Scraped caption text data
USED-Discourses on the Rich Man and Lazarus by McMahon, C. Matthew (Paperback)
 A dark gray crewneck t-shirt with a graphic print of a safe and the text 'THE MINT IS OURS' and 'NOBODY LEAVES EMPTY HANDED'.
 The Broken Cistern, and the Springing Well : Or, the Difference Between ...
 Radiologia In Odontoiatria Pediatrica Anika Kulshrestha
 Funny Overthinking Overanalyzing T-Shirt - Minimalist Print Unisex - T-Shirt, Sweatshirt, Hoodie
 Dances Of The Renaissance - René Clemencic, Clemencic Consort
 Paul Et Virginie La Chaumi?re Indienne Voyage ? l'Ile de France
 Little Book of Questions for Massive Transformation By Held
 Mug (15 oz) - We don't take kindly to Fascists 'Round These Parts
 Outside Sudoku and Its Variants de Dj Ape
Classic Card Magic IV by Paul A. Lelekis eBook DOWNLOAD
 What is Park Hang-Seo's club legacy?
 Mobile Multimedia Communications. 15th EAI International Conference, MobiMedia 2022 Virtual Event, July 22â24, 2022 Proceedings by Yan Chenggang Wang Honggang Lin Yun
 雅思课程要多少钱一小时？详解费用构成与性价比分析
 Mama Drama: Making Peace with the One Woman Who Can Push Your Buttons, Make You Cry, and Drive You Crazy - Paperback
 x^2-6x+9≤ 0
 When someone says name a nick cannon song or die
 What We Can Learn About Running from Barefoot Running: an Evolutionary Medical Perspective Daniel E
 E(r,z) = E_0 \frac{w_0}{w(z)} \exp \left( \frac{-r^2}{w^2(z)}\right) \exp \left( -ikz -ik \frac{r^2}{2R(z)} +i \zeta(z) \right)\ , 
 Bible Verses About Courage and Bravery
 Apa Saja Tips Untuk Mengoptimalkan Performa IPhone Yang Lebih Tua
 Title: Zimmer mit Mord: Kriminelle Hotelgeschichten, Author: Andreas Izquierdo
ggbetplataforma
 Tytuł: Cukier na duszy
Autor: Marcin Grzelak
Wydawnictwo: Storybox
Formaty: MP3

§ **Exercise objective**:
Only lines with the word "Paperback" are wanted. Find and copy them from the records above.

§ **Answer to this problem**:
USED-Discourses on the Rich Man and Lazarus by McMahon, C. Matthew (Paperback)
 Mama Drama: Making Peace with the One Woman Who Can Push Your Buttons, Make You Cry, and Drive You Crazy - Paperback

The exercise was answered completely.